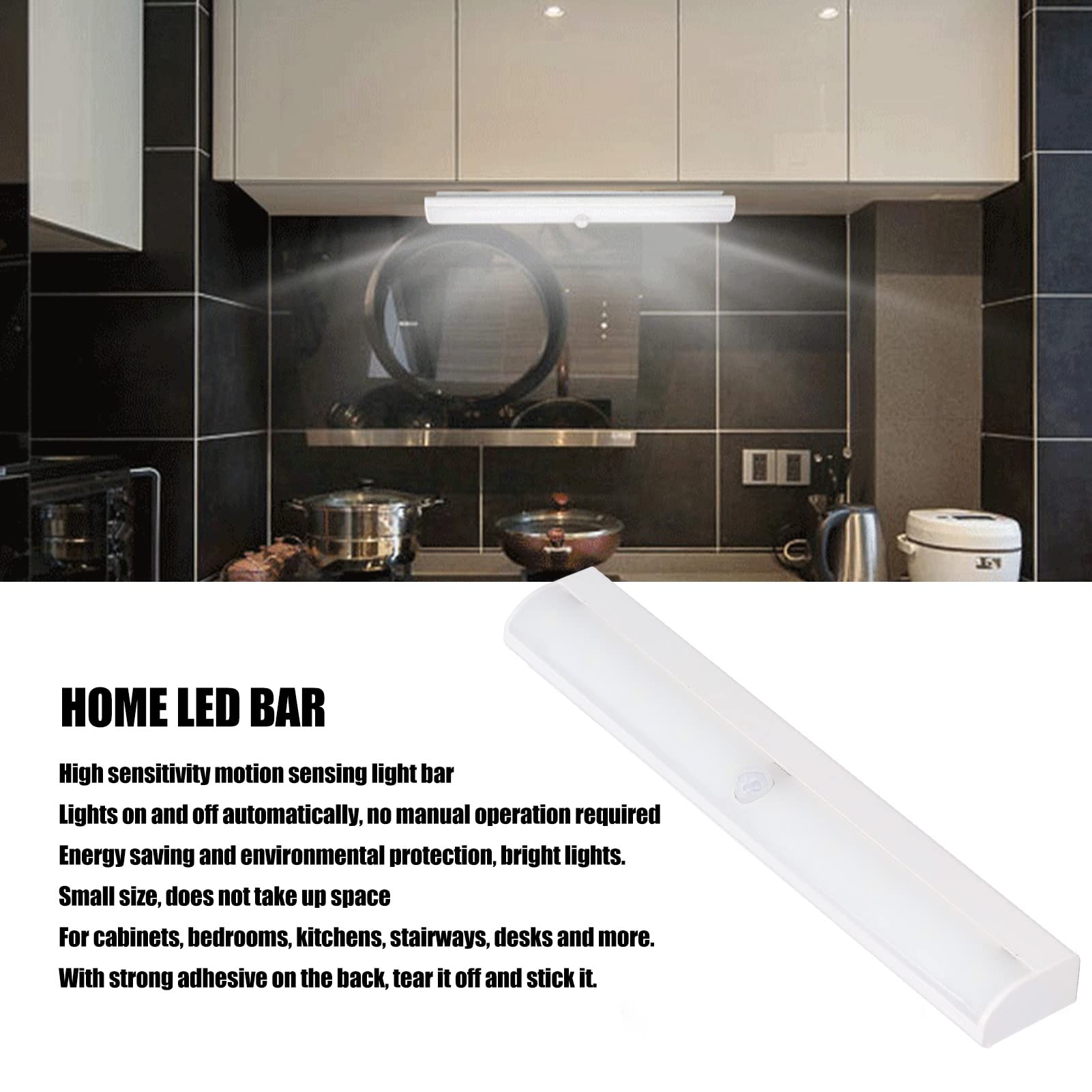 LED Motion Sensor Closet Light - Battery Powered Stick-On Night Light for Kitchen, Bedroom, Wardrobe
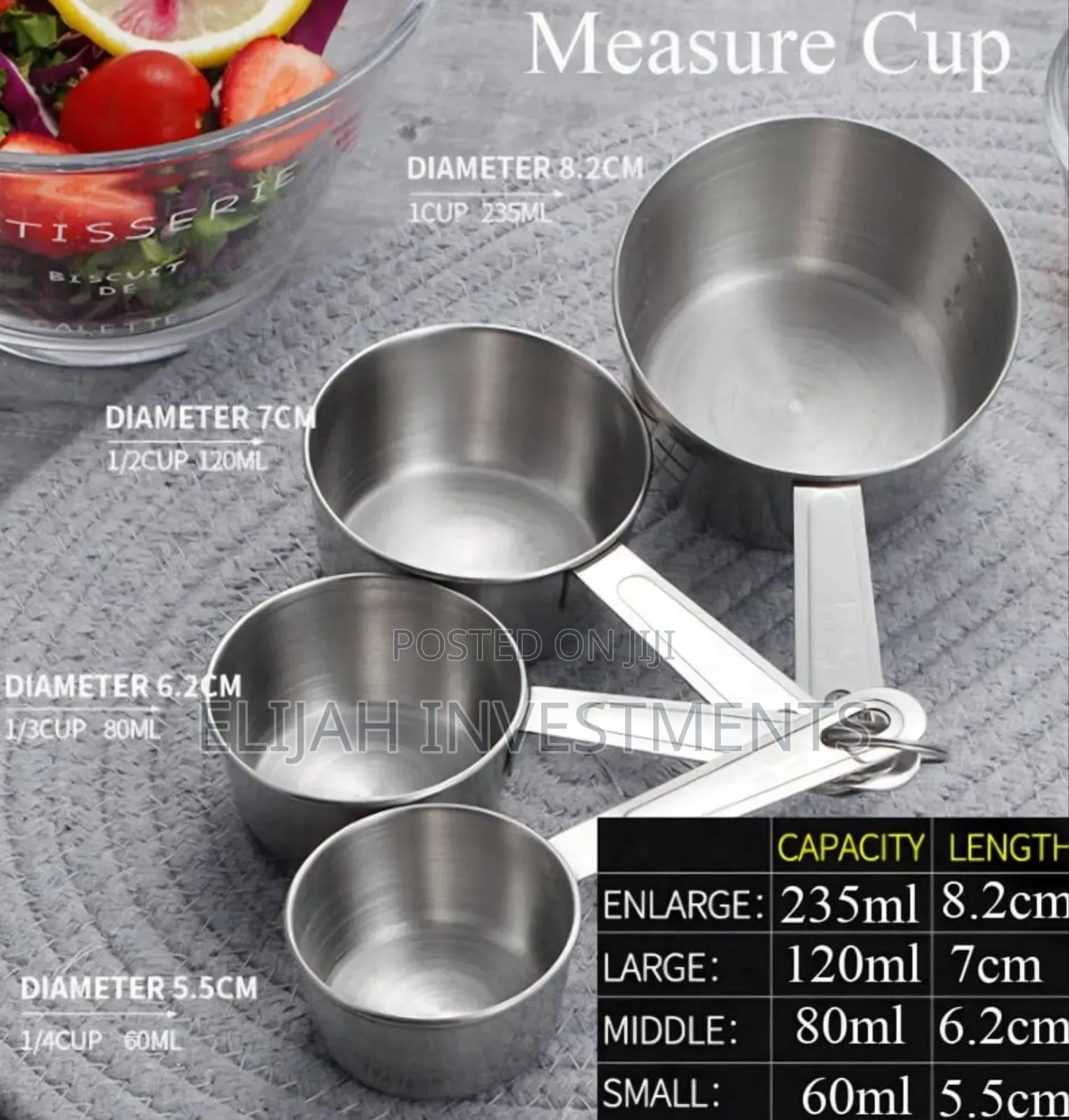 4pcs Stainless Steel Measuring Cups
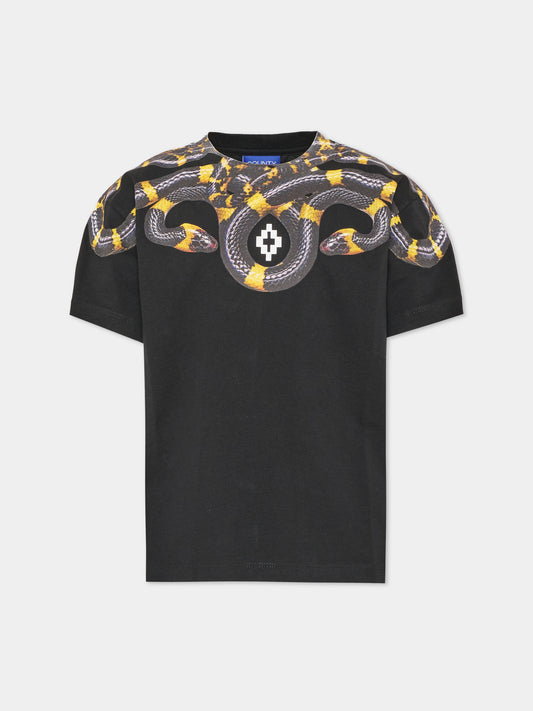 T-shirt a manica corta nera per bambino con stampa serpente,County Of Milan Kids,F6CMJBTH022 110
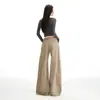 26 Nueva colección Otoño/Invierno: tejido lavado y descolorido, tiro alto, diseño adelgazante, pantalones casuales holgados y de pierna ancha para mujer, disponibles para dropshipping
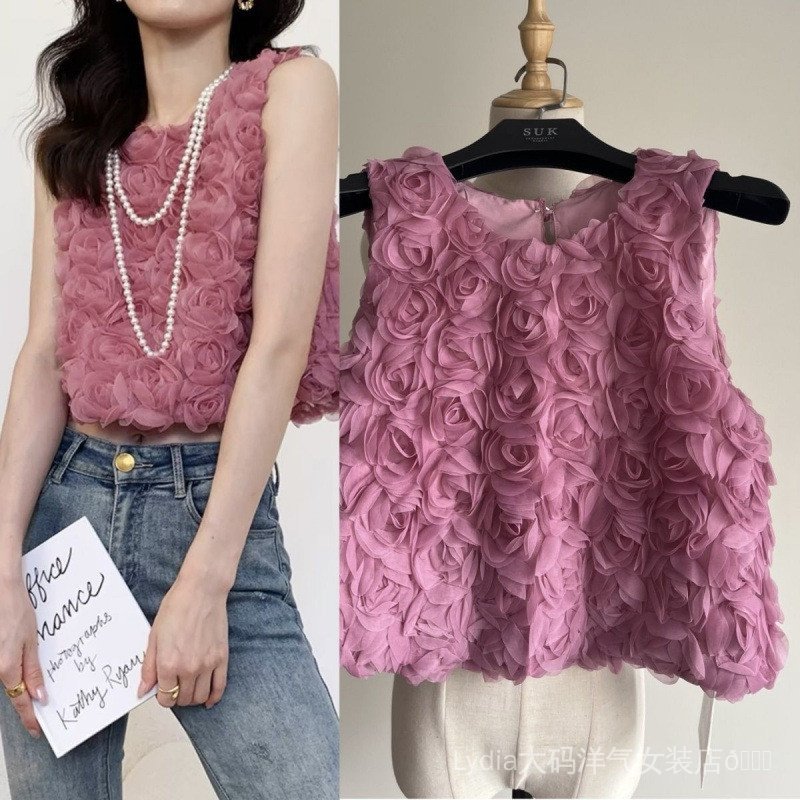 [Ưu đãi đặc biệt trong thời gian có hạn] Seckill Size lớn Thời trang chất lượng cao dành cho nữ Hoa hồng ba chiều 26 Áo vest không tay mùa hè Niche Kỳ nghỉ ngắn Áo nữ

--------------------------------

**Prompt:**
The response must restate exactly the lines from the one containing "26 Nueva colección" through the end of the records above and must leave out all pictures.

**Completed task:**
 26 Nueva colección Otoño/Invierno: tejido lavado y descolorido, tiro alto, diseño adelgazante, pantalones casuales holgados y de pierna ancha para mujer, disponibles para dropshipping
 [Ưu đãi đặc biệt trong thời gian có hạn] Seckill Size lớn Thời trang chất lượng cao dành cho nữ Hoa hồng ba chiều 26 Áo vest không tay mùa hè Niche Kỳ nghỉ ngắn Áo nữ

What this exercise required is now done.